__Task description__:
Transcribe the line that contains "18-686 OTTO CAP" and every line after it to the end of the records, exactly and nothing else. Skip the pictures.

__Exercise inputs__:
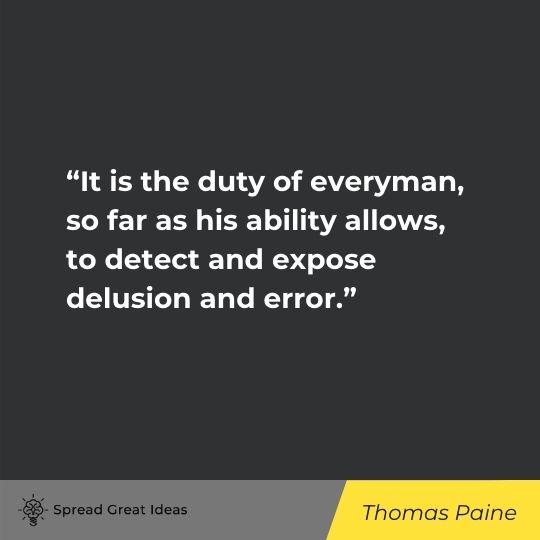 Thomas Paine quote on critical thinking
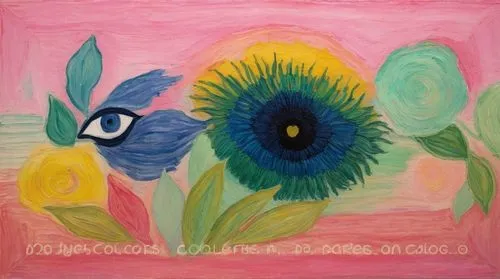 colores pasteles,arte,rosa,colores,acuarela,abstracto,ojo,a painting that looks like a bouquet and two flowers,flower painting,mousseau,dayflower,felt flower,floral composition,fauvism,Art,Artistic Pa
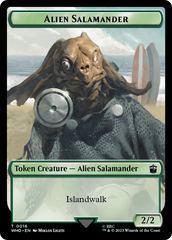 Alien // Alien Salamander Double-Sided Token [Doctor Who Tokens] | Deep Dive Games St. Marys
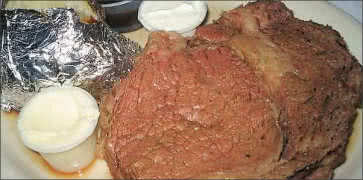 Prime Rib Steak with Baked Potato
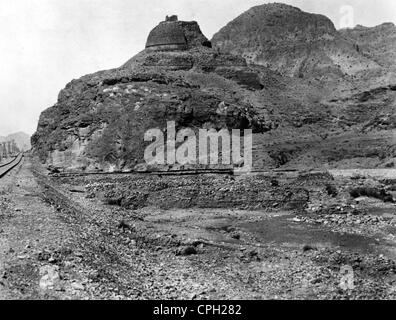 geography / travel, Pakistan, transport, streets, street and railway to the Khyber Pass, 1950s, Additional-Rights-Clearences-Not Available Stock Photo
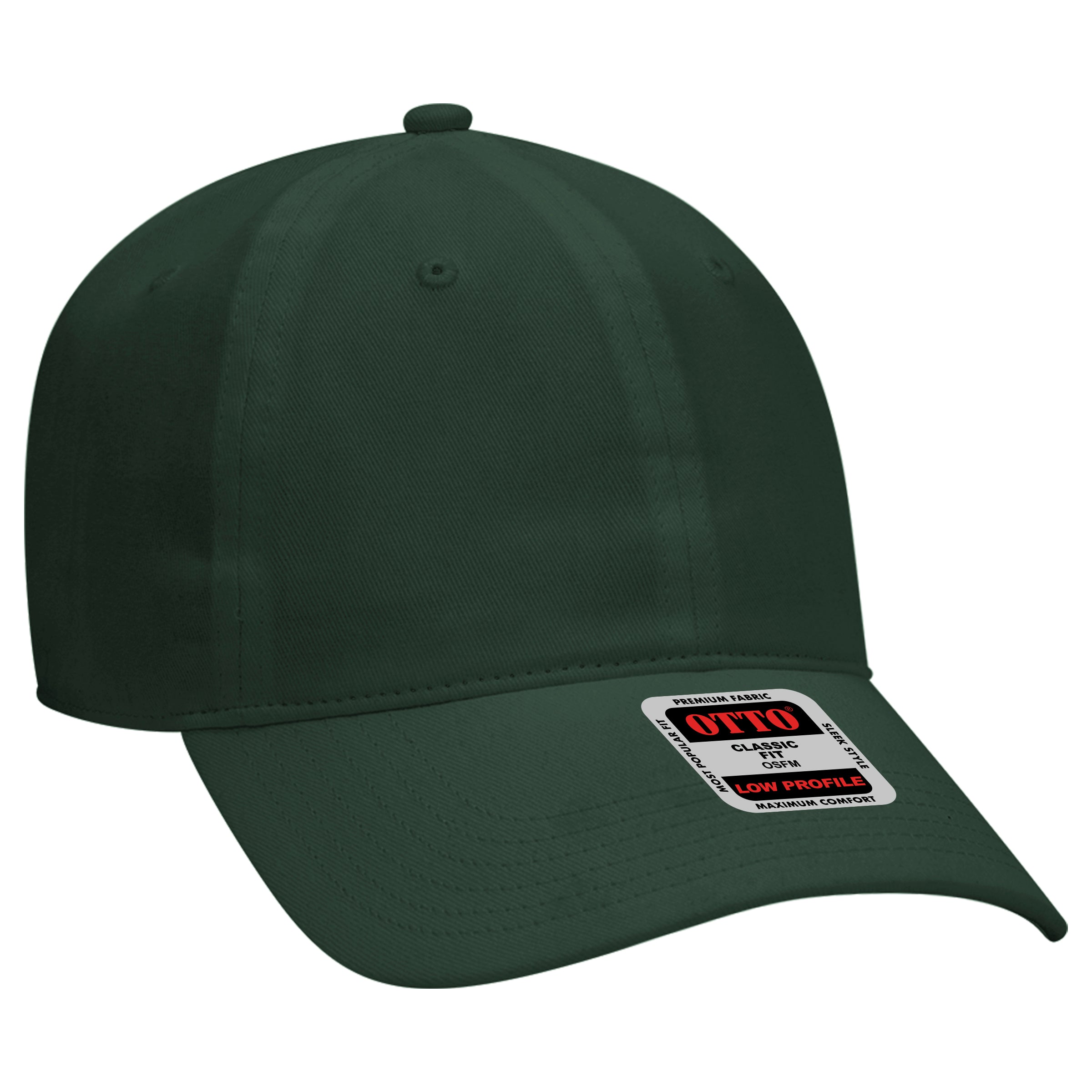 18-686 OTTO CAP 6 Panel Low Profile Baseball Cap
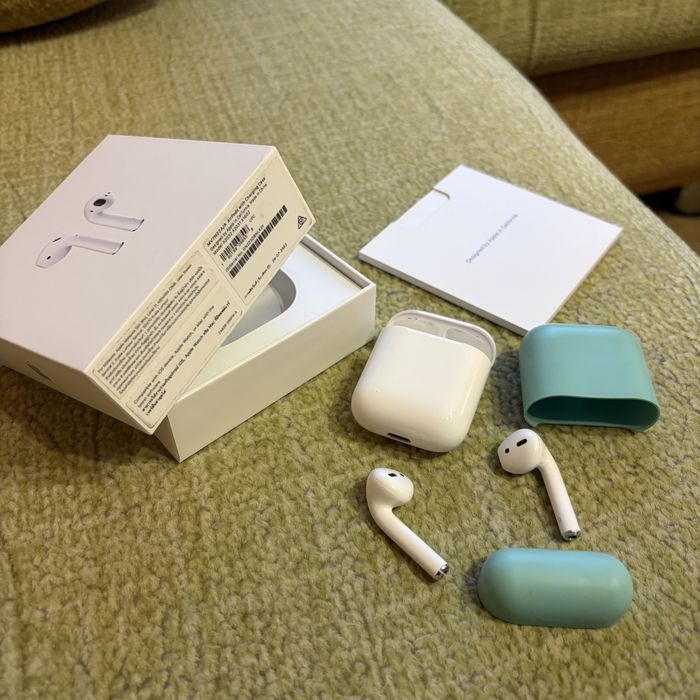 Apple AirPods 2 (з коробкою + Чохол)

__Solution__:
 18-686 OTTO CAP 6 Panel Low Profile Baseball Cap
 Apple AirPods 2 (з коробкою + Чохол)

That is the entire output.